- **Problem details**:
The whole listing below needs to be retyped without a single change.
◇ ◇ ◇
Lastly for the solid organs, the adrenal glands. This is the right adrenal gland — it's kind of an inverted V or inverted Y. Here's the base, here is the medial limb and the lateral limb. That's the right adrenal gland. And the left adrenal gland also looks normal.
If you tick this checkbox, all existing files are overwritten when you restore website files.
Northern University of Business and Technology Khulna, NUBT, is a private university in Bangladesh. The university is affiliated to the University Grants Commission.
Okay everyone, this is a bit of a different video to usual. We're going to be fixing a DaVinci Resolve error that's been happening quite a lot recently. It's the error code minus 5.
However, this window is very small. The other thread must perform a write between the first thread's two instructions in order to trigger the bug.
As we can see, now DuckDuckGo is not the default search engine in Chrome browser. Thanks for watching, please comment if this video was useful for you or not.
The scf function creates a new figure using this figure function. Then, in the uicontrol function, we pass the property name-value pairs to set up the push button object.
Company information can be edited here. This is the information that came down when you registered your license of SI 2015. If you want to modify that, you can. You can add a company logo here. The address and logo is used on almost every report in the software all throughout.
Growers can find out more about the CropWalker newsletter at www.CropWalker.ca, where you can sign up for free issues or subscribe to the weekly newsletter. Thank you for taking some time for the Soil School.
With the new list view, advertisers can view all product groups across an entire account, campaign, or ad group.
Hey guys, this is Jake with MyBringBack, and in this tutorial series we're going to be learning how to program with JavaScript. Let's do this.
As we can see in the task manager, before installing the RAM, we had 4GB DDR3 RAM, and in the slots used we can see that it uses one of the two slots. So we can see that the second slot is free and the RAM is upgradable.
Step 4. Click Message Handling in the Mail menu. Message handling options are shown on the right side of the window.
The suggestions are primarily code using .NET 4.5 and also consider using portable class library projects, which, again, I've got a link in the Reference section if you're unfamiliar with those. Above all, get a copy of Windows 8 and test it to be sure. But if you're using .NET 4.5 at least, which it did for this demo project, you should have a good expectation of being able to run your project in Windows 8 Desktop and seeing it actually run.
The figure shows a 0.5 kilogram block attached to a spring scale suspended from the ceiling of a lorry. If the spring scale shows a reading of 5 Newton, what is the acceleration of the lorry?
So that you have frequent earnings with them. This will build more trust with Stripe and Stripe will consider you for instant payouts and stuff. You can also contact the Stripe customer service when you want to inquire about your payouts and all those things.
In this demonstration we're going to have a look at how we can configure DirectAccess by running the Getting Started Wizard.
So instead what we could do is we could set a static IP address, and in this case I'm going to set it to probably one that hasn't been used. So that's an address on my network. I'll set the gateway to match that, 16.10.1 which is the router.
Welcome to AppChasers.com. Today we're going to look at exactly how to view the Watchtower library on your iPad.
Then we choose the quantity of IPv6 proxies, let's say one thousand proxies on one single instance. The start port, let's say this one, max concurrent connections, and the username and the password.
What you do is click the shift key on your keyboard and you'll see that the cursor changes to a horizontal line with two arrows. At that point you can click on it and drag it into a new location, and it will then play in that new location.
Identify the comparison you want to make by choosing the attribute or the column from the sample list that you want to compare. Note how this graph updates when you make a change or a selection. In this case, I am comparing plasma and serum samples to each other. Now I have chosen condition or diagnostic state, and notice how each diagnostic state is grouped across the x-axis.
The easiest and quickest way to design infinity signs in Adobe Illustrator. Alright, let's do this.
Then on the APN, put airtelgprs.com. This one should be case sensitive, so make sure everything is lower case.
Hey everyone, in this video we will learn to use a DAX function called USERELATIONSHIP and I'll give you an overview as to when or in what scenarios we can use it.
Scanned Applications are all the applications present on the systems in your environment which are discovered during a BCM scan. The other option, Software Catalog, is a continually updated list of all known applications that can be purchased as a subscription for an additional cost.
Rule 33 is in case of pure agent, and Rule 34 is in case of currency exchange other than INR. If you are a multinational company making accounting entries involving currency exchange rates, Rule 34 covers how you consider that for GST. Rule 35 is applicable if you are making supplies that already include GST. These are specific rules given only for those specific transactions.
◇ ◇ ◇
- **Result of this exercise**:
Lastly for the solid organs, the adrenal glands. This is the right adrenal gland — it's kind of an inverted V or inverted Y. Here's the base, here is the medial limb and the lateral limb. That's the right adrenal gland. And the left adrenal gland also looks normal.
If you tick this checkbox, all existing files are overwritten when you restore website files.
Northern University of Business and Technology Khulna, NUBT, is a private university in Bangladesh. The university is affiliated to the University Grants Commission.
Okay everyone, this is a bit of a different video to usual. We're going to be fixing a DaVinci Resolve error that's been happening quite a lot recently. It's the error code minus 5.
However, this window is very small. The other thread must perform a write between the first thread's two instructions in order to trigger the bug.
As we can see, now DuckDuckGo is not the default search engine in Chrome browser. Thanks for watching, please comment if this video was useful for you or not.
The scf function creates a new figure using this figure function. Then, in the uicontrol function, we pass the property name-value pairs to set up the push button object.
Company information can be edited here. This is the information that came down when you registered your license of SI 2015. If you want to modify that, you can. You can add a company logo here. The address and logo is used on almost every report in the software all throughout.
Growers can find out more about the CropWalker newsletter at www.CropWalker.ca, where you can sign up for free issues or subscribe to the weekly newsletter. Thank you for taking some time for the Soil School.
With the new list view, advertisers can view all product groups across an entire account, campaign, or ad group.
Hey guys, this is Jake with MyBringBack, and in this tutorial series we're going to be learning how to program with JavaScript. Let's do this.
As we can see in the task manager, before installing the RAM, we had 4GB DDR3 RAM, and in the slots used we can see that it uses one of the two slots. So we can see that the second slot is free and the RAM is upgradable.
Step 4. Click Message Handling in the Mail menu. Message handling options are shown on the right side of the window.
The suggestions are primarily code using .NET 4.5 and also consider using portable class library projects, which, again, I've got a link in the Reference section if you're unfamiliar with those. Above all, get a copy of Windows 8 and test it to be sure. But if you're using .NET 4.5 at least, which it did for this demo project, you should have a good expectation of being able to run your project in Windows 8 Desktop and seeing it actually run.
The figure shows a 0.5 kilogram block attached to a spring scale suspended from the ceiling of a lorry. If the spring scale shows a reading of 5 Newton, what is the acceleration of the lorry?
So that you have frequent earnings with them. This will build more trust with Stripe and Stripe will consider you for instant payouts and stuff. You can also contact the Stripe customer service when you want to inquire about your payouts and all those things.
In this demonstration we're going to have a look at how we can configure DirectAccess by running the Getting Started Wizard.
So instead what we could do is we could set a static IP address, and in this case I'm going to set it to probably one that hasn't been used. So that's an address on my network. I'll set the gateway to match that, 16.10.1 which is the router.
Welcome to AppChasers.com. Today we're going to look at exactly how to view the Watchtower library on your iPad.
Then we choose the quantity of IPv6 proxies, let's say one thousand proxies on one single instance. The start port, let's say this one, max concurrent connections, and the username and the password.
What you do is click the shift key on your keyboard and you'll see that the cursor changes to a horizontal line with two arrows. At that point you can click on it and drag it into a new location, and it will then play in that new location.
Identify the comparison you want to make by choosing the attribute or the column from the sample list that you want to compare. Note how this graph updates when you make a change or a selection. In this case, I am comparing plasma and serum samples to each other. Now I have chosen condition or diagnostic state, and notice how each diagnostic state is grouped across the x-axis.
The easiest and quickest way to design infinity signs in Adobe Illustrator. Alright, let's do this.
Then on the APN, put airtelgprs.com. This one should be case sensitive, so make sure everything is lower case.
Hey everyone, in this video we will learn to use a DAX function called USERELATIONSHIP and I'll give you an overview as to when or in what scenarios we can use it.
Scanned Applications are all the applications present on the systems in your environment which are discovered during a BCM scan. The other option, Software Catalog, is a continually updated list of all known applications that can be purchased as a subscription for an additional cost.
Rule 33 is in case of pure agent, and Rule 34 is in case of currency exchange other than INR. If you are a multinational company making accounting entries involving currency exchange rates, Rule 34 covers how you consider that for GST. Rule 35 is applicable if you are making supplies that already include GST. These are specific rules given only for those specific transactions.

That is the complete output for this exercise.